Input records:
**********
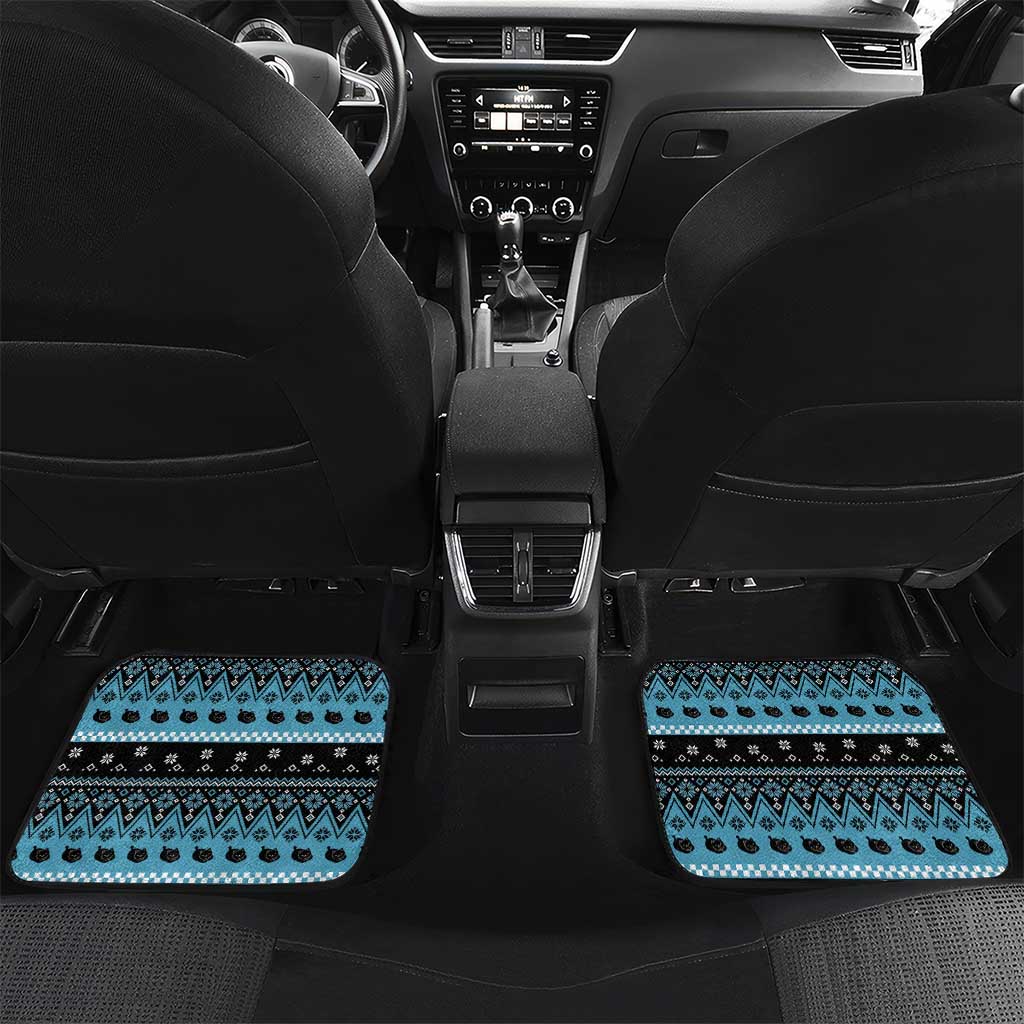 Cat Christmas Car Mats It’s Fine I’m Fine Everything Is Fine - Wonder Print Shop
**********
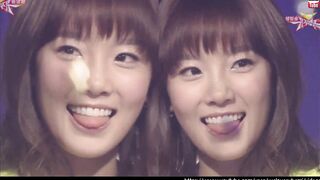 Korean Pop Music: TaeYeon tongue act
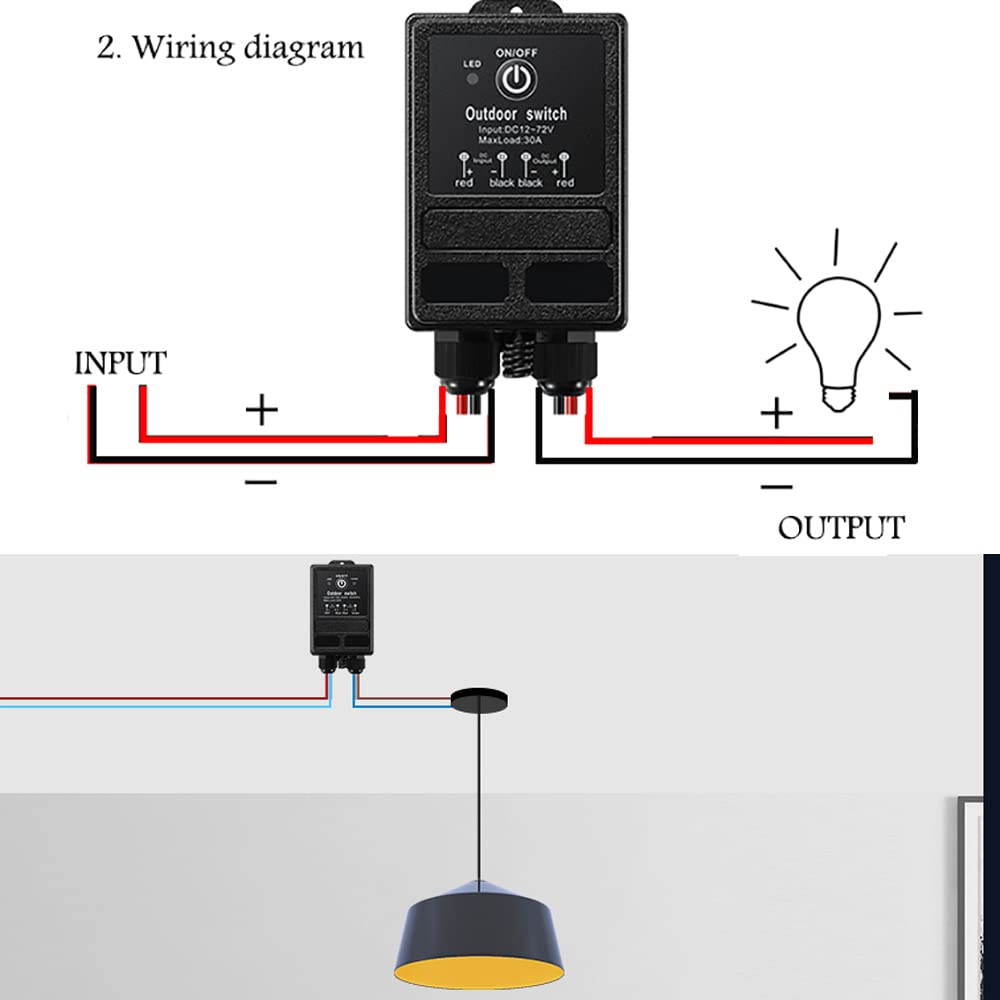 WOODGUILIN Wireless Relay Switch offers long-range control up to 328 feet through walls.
**********
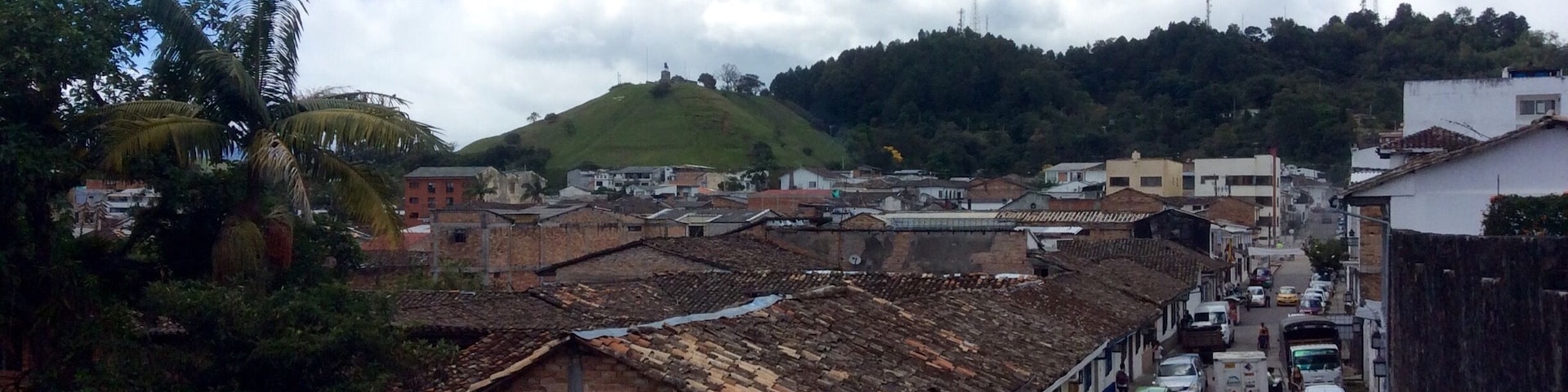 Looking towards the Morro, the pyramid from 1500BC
**********
Each line between the one holding "Korean Pop Music: TaeYeon tongue act" and the one holding "WOODGUILIN Wireless Relay", inclusive, should be copied exactly as it appears above, and pictures should be omitted.

 Korean Pop Music: TaeYeon tongue act
 WOODGUILIN Wireless Relay Switch offers long-range control up to 328 feet through walls.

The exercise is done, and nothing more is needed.